La Primera Llamada atrajo a personas de todo el mundo a las filas de la Custodia. Mientras el Orador Sirio dormía pasaron cinco años. Wezen se había convertido en el Mazo, y los rumores sobre sus experimentos con los infectados por la peste de Léh en la isla Topo comenzaron a ser demasiado frecuentes como para ignorarlos. Entonces Sirio murió. Arturus era el candidato a sucederle como Orador. Este título no era hereditario, y en realidad ningún Orador escuchaba las palabras de Baler, simplemente así se reconocía su figura como el máximo representante del poder en Karaden. La reunión de aquella tarde, en el salón magno de Karaden, era un protocolo para nombrar a Arturus como dirigente de la ciudad, a pesar de que llevaba gobernándola más de cinco años.

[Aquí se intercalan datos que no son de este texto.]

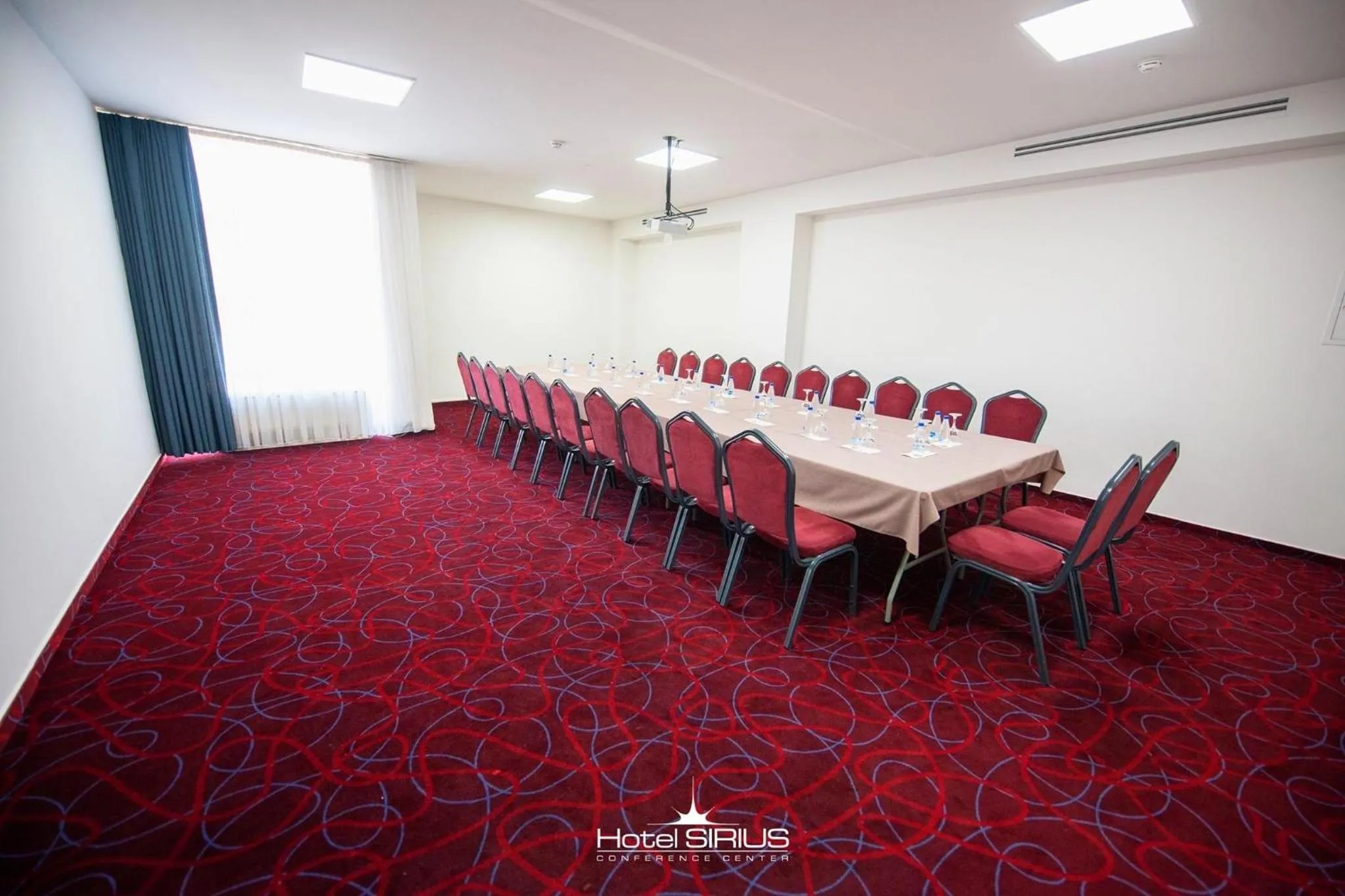 Meeting/conference room in Hotel Sirius
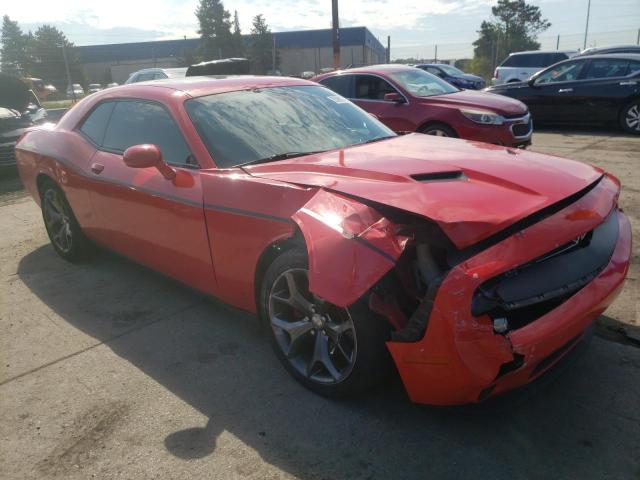 DODGE CHALLENGER 2015 2c3cdzag2fh704825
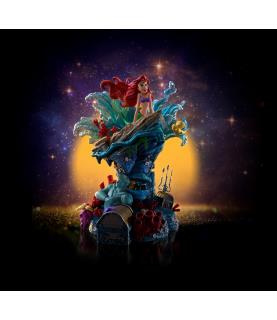 100 Years of Wonder - The Little Mermaid Deluxe version (1:10 Scale)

La mirada de Fornax continuó desafiante frente a él. Arturus no sabía cuánto tiempo había permanecido en silencio, pero cuando habló, su voz fue firme:
-¿Quieres una razón? Te la daré. Tú y yo, y todo nuestro ejército irá a Léh. Vamos a encontrar aquello que busca Wezen antes que él.
Arturus vio reflejada en los ojos de Fornax una sonrisa: la del criado con voz de rata.
-Entonces te serviré- dijo Fornax
Luego hablaron el resto de consejeros.
Una hora más tarde, Caelum se asomó por el gran balcón que daba a la plaza y habló a la multitud que tiritaba por el frío:
-El consejo ha decidido que Arturus de la casa Ingens, hijo de Canopus y nieto de Sirio, sea nuestro Orador-
Arturus salió. Los ojos de Baler vieron entonces cómo la plaza se alzaba en vítores.
El pueblo no lo sabía, pero Karaden acababa de entrar en guerra.